Can you do the equivalent of BBC Television’s Songs of Praise? Let’s hear your atheistic music with its positive lyrics than can lift, inspire and give new hope to millions!
5. Show us your virtues
It would be a help if you can show us around atheistic youth clubs and camps and summer houseparties and any work you may be doing among orphans; let’s see your family and play groups, and community centres.
Could you take us on a tour of your work among the down-and-outs and the homeless, and your equivalent of the Salvation Army’s soup kitchens? And your centres for Aids sufferers? And the hospice movement – had you thought of getting any homes established, and staffing them yourselves?
And – if we can be really adventurous – take us abroad for a peep at your leprosariums? I remember meeting Dr. Dennis Burkitt (of the Burkitt Lymphoma fame) out in Tanzania. He told me that he had been all over the tropics. Every single one of the leprosy hospitals he had ever visited were begun and run by Christians. Surely there must be one, run by an atheist organisation?
You see, I’m not absolutely sure that we have seen all that you have done, or could do, for suffering humanity. It’s only my tip….
6. Can you develop a ritual?
Every movement of substance needs a form of celebration, if it is to appeal to great masses of people. I suppose that the only really big atheistic movements in recent times were Communism and Fascism. And indeed for a while they did pull young people into their ranks, with marches, flags, songs, parades, medals and orchestrated adulation of the leadership. Have you plans for a similar exercise? Always assuming, I hope, that you would avoid the persecution of non-adherents - the burning of books, the pulling down of buildings and destruction of family life that seemed to go hand in hand with these organised movements?

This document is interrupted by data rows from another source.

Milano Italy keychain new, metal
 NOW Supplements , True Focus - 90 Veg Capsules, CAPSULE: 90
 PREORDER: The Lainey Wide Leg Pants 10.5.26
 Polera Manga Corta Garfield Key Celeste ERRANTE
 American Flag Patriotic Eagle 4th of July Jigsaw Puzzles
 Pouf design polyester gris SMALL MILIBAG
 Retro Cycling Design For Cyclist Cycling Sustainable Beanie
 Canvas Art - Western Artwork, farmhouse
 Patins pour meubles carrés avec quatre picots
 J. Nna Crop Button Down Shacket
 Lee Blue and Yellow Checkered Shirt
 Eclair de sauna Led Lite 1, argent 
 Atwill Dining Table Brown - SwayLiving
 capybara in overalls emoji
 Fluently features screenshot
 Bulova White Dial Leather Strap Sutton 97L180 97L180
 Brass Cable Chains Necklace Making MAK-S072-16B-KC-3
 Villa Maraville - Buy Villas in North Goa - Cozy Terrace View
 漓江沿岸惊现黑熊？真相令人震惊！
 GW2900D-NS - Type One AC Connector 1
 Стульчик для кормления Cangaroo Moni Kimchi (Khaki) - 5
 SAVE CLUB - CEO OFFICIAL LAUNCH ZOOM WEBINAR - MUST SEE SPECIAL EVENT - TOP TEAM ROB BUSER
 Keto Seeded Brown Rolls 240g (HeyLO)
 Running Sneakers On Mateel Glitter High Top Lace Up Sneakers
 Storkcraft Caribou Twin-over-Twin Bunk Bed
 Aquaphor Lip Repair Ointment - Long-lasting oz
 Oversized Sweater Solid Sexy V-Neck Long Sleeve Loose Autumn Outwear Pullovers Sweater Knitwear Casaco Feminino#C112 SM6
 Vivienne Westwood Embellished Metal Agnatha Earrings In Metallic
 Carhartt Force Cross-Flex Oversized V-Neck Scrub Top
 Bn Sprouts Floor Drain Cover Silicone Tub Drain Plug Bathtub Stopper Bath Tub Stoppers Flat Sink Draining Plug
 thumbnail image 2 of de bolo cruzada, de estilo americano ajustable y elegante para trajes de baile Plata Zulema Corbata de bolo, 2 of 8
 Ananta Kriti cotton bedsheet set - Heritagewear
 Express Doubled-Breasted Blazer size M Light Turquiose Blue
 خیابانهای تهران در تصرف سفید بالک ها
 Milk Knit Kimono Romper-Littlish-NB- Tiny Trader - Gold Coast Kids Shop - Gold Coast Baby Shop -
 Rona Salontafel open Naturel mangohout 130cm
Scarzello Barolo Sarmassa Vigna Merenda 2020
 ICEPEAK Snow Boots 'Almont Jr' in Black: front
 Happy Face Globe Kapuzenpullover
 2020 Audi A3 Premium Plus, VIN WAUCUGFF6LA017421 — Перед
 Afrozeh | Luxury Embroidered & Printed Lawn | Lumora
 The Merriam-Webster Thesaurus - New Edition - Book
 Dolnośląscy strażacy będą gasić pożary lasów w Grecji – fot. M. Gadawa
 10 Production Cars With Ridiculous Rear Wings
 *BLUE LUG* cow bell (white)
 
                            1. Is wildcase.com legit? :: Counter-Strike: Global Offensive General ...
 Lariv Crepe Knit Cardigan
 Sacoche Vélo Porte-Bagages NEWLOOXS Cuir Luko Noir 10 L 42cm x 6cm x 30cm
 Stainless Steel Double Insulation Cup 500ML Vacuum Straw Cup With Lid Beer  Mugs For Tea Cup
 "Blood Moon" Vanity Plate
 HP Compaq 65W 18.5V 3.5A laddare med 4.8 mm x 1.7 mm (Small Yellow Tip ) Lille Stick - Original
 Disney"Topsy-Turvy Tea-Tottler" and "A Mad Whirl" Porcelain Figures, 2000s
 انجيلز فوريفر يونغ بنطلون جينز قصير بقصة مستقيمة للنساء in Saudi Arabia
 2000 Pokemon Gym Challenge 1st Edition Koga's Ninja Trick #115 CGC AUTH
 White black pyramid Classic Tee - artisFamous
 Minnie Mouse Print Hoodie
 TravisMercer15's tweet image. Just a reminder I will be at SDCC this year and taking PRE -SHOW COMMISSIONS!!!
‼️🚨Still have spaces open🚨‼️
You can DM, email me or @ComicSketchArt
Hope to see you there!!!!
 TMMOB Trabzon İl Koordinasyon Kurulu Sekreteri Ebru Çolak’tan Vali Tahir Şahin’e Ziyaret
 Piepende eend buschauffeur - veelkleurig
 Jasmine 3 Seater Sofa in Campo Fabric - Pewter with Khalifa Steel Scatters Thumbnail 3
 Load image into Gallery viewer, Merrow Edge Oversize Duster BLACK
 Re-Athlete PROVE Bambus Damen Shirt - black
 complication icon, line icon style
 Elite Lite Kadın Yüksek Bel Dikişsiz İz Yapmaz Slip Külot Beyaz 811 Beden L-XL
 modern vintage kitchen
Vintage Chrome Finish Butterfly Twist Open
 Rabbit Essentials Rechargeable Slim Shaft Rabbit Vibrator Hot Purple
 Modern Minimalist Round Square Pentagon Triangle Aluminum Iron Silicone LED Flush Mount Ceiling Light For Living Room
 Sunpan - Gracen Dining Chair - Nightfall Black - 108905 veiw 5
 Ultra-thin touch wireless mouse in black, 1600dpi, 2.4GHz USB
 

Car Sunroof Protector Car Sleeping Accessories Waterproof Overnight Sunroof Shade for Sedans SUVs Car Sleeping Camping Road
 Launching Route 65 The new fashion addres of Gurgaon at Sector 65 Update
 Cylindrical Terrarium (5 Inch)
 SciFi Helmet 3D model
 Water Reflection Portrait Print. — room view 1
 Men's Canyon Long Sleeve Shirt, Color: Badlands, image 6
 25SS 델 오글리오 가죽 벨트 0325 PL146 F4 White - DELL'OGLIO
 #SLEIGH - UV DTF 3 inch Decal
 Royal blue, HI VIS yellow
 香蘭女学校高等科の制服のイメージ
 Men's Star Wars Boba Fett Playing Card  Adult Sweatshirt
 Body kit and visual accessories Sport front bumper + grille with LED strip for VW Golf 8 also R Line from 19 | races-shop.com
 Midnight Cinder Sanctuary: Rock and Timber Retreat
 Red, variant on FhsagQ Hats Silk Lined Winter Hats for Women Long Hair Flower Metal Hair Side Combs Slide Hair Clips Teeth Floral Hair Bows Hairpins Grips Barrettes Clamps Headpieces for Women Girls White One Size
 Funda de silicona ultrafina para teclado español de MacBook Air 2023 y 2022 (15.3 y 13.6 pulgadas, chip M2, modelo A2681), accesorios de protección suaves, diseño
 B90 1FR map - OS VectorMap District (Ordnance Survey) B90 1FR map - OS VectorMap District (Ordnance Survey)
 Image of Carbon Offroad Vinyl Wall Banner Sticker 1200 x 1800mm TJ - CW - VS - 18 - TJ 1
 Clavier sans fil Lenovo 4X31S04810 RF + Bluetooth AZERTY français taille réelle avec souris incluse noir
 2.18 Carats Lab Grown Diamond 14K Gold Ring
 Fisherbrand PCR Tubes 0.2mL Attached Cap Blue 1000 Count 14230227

So, I’d be glad to see how you celebrate your atheism. Which leads me to my last and seventh tip:
7. Let’s see some joy in your lifestyle
Oh we Christians have sometimes been accused of being kill-joys! Perhaps that has occurred when our beliefs have become rigidly nominal and mechanical. But visit a community which bears a close and personal relationship with Jesus Christ, and I would then ask whether you too have an infectious enthusiasm and joy that overspill with songs, love and practical service into the surrounding society, as theirs do, in community after community, in country after country – even when the government and the media try to shut down their operation. We have millions of martyrs on our roll of honour. I have known some of them. They were honoured to die for Christ. How far would you be prepared to be killed for your beliefs?
Are your prophets and your champions happy people? Do they come across that way? For they – and you also – will certainly need to show some joy, if others are to be drawn like a magnet into the sheer satisfaction of an atheistic world-view that really holds together and makes sense of the universe!
So, try a little harder. Seven tips, my friends. I wonder if this helps.